Yes, math. Although it’s fundamental in understanding our world, math can be one of the most frustrating subjects in school. This is true for parents as well, who often have to retrieve rusty skills from their own elementary math classes just to help their kids with their homework. This early dislike of math is often just disguised frustration at not being able to understand something the first, second, or even tenth time. Helping your child with math over the summer helps them get ready for the new school year, even those dreaded math classes.
Math isn’t just the numbers, though. The core of any math lesson is the ability to ask questions and solve a problem. What do we need to make this work? Why process can I use to make two separate parts work together in balance? Why did my chocolate chip cookies explode all over the bottom of the oven? (We’ll address that one in a minute.) To get kids to start asking these questions for themselves, we suggest exploring the math that’s already hidden around them in day-to-day activities.
Get mathy in the kitchen
Not sure where to start? Have your kids to cook and bake with you. Not only is it a fun opportunity to practice some life skills, but there’s a lot of practical math as well.
For older elementary students, cooking involves fractions, both basic and complex. If your child has mastered ¼+¼, they can work with thirds or improper fractions, or even doubling or halving your recipe. (Make sure you get the right proportion of ingredients to prevent chocolate-chip explosions).

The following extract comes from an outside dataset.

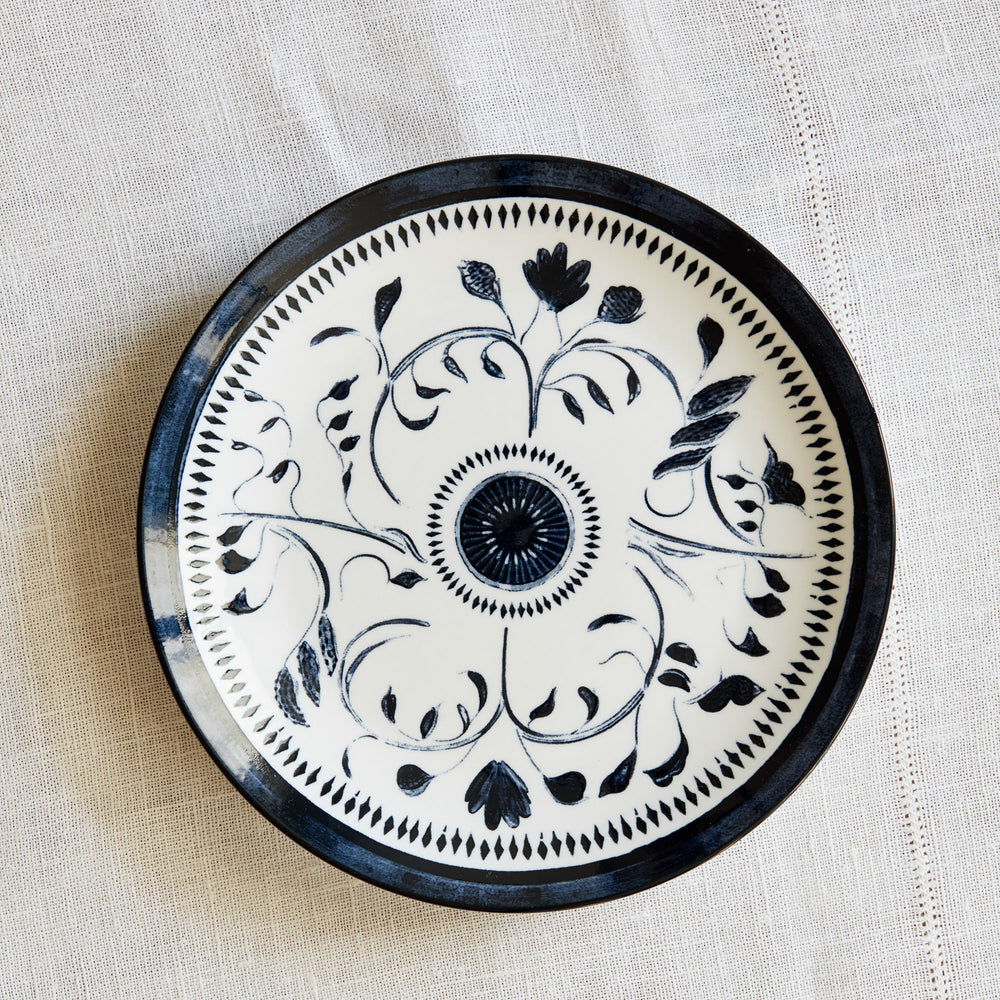 Lemieux et Cie Bruges Porcelain Salad Plate with hand-painted blue and white floral motifs, shown on natural linen surface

For younger students, it can be a chance to practice simple addition or telling time. If we have six cookies on the cookie sheet, how many more do we need to make 12 cookies? If the cookies bake for fifteen minutes, at what time will we be pulling out the milk jug and enjoying our creation?
Count the Monopoly money
Don’t feel like turning on the oven in the middle of June? Play Monopoly! For preschool through second graders, this is a good way to add numbers through six with the roll of a dice. Let third through sixth graders try their hands at being the banker by adding up bills and making change.

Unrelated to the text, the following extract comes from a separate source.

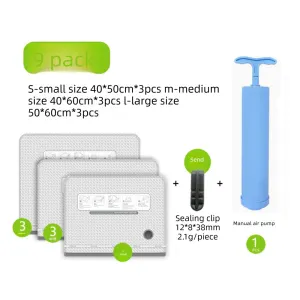 Nine Vacuum Storage Bags Set with Hand Pump - Space Saving Compression Bags for Travel & Wardrobe Organization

Monopoly also comes with a several variations including Monopoly Junior (ages five and up) and Monopoly Empire, which is significantly shorter to play. More board games that use critical math skills can be found here.
Play fun math apps
It can sometimes be difficult to get the whole family together for an extensive activity like cooking or playing a game. Good news! There are plenty of other resources and apps for individual math practice, such as Khan Academy.